Saturday, September 13, 2008

Linq Query Operators

Much of Linq's query operators are method extensions which take a typed iterator for input, and return a modified iterator of the same time as their output.

List<Client> clients = new List<Client>();
IEnumerable<Client> it1 = clients as IEnumerable<Client>;
IEnumerable<Client> it2 = it1.Where(c => c.Rating > 5);


This pattern allows for the piping of multiple query operators, the first one's output providing the next one's input :

List<Client> clients = new List<Client>();
IEnumerable<Client> it1 = clients as IEnumerable<Client>;
IEnumerable<Client> it2 = it1.Where(c => c.Rating > 5); IEnumerable<Client> it3 = it2.Where(c => c.Rating < 10);
IEnumerable<Client> it4 = it3.Where(c => c.Rating != 7);


The fact that Linq's query operators are built from iterators has important implications, as it enables the deferred evaluation of a query. That is because C# iterators only return their elements when they are asked for. For example, the following iterator will only perform it's first time consuming operation :

public IEnumerable<int> GetItems()
{
yield return this.TimeConsumingOperation(1);
yield return this.TimeConsumingOperation(2);
yield return this.TimeConsumingOperation(3);
}

foreach (int item in iterator.GetItems())
{
int firstItem = item;
break;
}


This means that a query operation will only be evaluated when its items are iterated over, and for only as many items as the iteration asks for.

Linq Type Inference

Given the following extension method :

public static IOrderedEnumerable<TSource>
OrderBy<TSource, TKey>(
this IEnumerable<TSource> source,
Func<TSource, TKey> keySelector)


Here is how C# infers the types of the following Linq expression :

List<customer> customers = new List<Customer>
{
new Customer { FirstName = "Alice" },
new Customer { FirstName = "David" },
new Customer { FirstName = "Bob" },
};

customers.OrderBy(customer => customer.FirstName);


The two generic types of the extension method need to be inferred, namely TSource and TKey. First, TSource is inferred as type Customer from the fact that the extension method is is applied to an IEnumerable of Customers. Secondly, TKey is then inferred as type String from the fact that the provided lambda expression returns a String.

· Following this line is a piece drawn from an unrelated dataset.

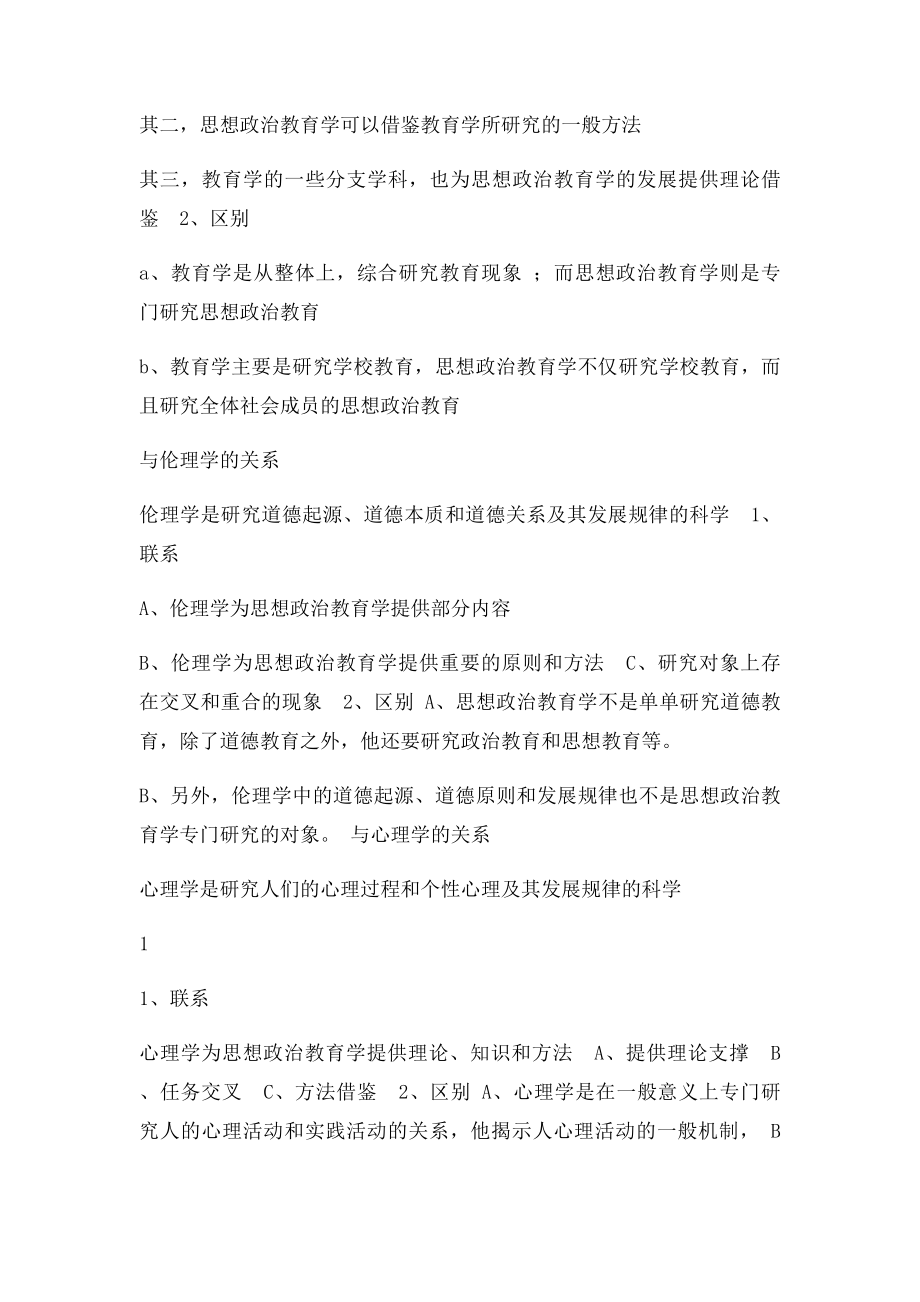 《现代思想政治教育学原理》.docx_第3页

We can then express the fully typed extension method that will be used :

public static IOrderedEnumerable<Customer>
OrderBy<Customer, String>(
this IEnumerable<Customer> source,
Func<Customer, String> keySelector)

Toward Functional Programming

Ever since the first release of C#, functions have been considered citizens of the language. Already then we could declare a typed function signature to hold a pointer to any matching method :

public delegate int MyDelegate(int x, int y);

public static int MyMethod(int x, int y)
{
return x + y;
}

public static void Main(string[] args)
{
MyDelegate myDelegate = new MyDelegate(MyMethod);
int result = myDelegate(1, 2);
}


The second release of C# gave greater importance to functions. Methods could then be instantiated from code, like any other object type. Delegates were no more limited at pointing to class members, as they could then handle anonymous methods :

public delegate int MyDelegate(int x, int y);

public static void Main(string[] args)
{
MyDelegate myDelegate = delegate(int x, int y)
{
return x + y;
};
int result = myDelegate(1, 2);
}


The third release of the language introduced generic delegates, which eliminated the need to declare a delegate for every possible function signature. Furthermore, a new syntax was provided to create methods from code, namely the lambda expressions :

public static void Main(string[] args)
{
Func<int,int,int> myDelegate;
myDelegate = new Func<int,int,int>((x, y) => x + y);
int result = myDelegate(1, 2);
}